Setting: Between Reunion and Darkest Hour.
I was lying flat on my stomach making faces at my geometry book (I still don't get this subject!) when I looked up and saw Jesse sitting on my window seat with Spike on his lap, purring so loud that he sounded like a vibrator.
It has been almost a week since the RLS Angels almost beat me and Michael to death. Gina has gone back to New York and I'm bored out of my mind.
You would think that catching a murderer single handedly (well...almost) would make me a big hero and save me from being grounded or something. But no, instead I am grounded! I mean, isn't having to listen to how I could've died and how I should've told an adult before jumping into action for 2 hours punishment enough?!
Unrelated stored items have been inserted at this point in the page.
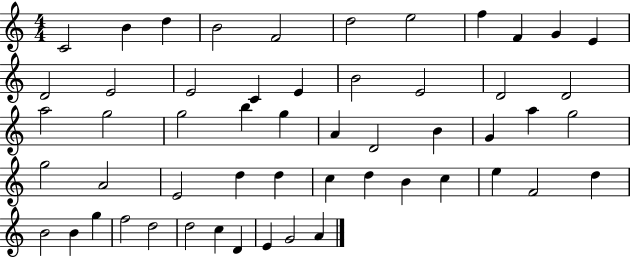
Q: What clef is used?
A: treble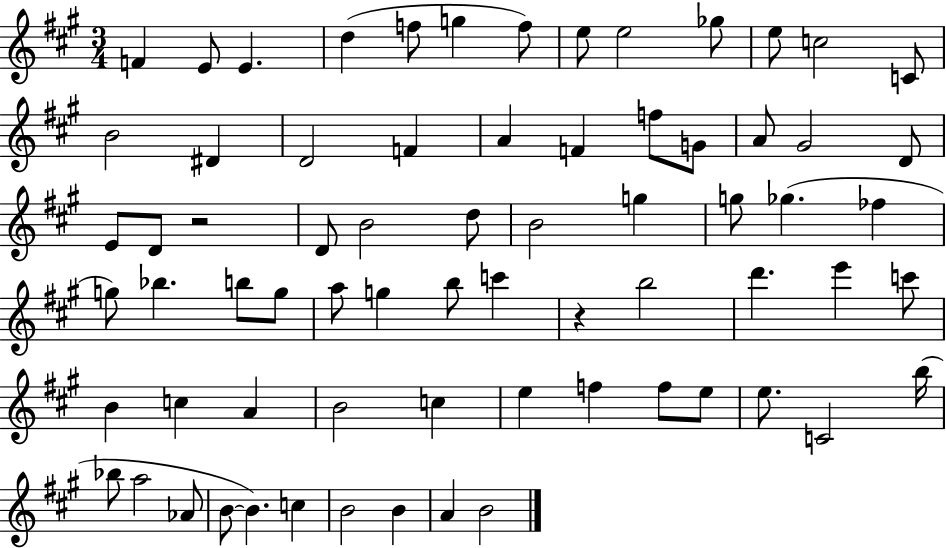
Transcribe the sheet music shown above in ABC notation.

X:1
T:Untitled
M:3/4
L:1/4
K:A
F E/2 E d f/2 g f/2 e/2 e2 _g/2 e/2 c2 C/2 B2 ^D D2 F A F f/2 G/2 A/2 ^G2 D/2 E/2 D/2 z2 D/2 B2 d/2 B2 g g/2 _g _f g/2 _b b/2 g/2 a/2 g b/2 c' z b2 d' e' c'/2 B c A B2 c e f f/2 e/2 e/2 C2 b/4 _b/2 a2 _A/2 B/2 B c B2 B A B2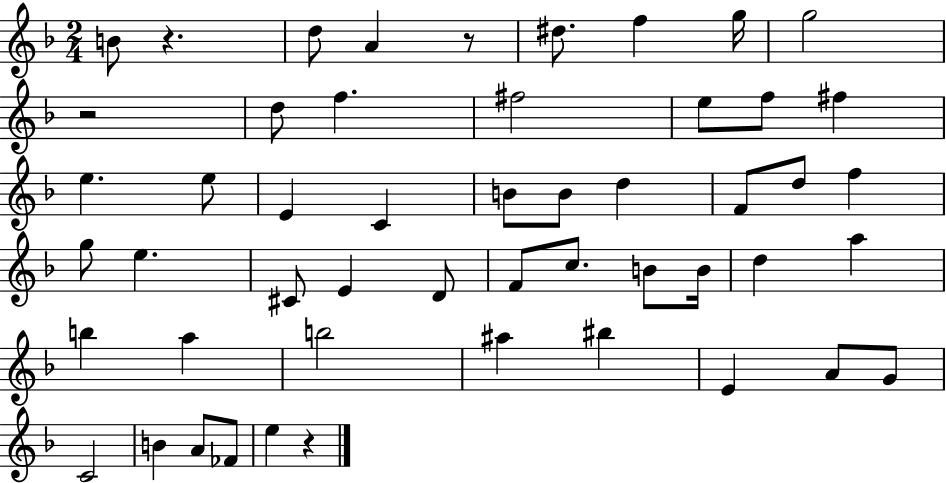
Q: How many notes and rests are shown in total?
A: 51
It's not like I can tell them the truth about me being a liaison between the living and the dead. They would stick me in the loony bin faster than I could say 'unfair'.
I think I'm getting a headache, so let me turn my thoughts back to the present.
Being grounded, I had no other choice but to stay in my room and watch the sea or Jesse. Now, I don't know about you but I would pick Jesse over the sea anytime.
Now there are so many thoughts that popped up in my mind at that moment like how hot Jesse looked and if I can get a better view of his abs if I just tilted my head, or if I can use Spike as my punching bag because I'm angry that he can be so close to Jesse and I can't.
But no matter how much I try to steer my thoughts away from Jesse, they keep going back to him. So finally I gave in and looked at Jesse just for the peace of my mind.
It was drizzling slightly and Jesse was staring at the grey sky and tiny droplets of water that splattered against the window, with those peat-bog eyes of his.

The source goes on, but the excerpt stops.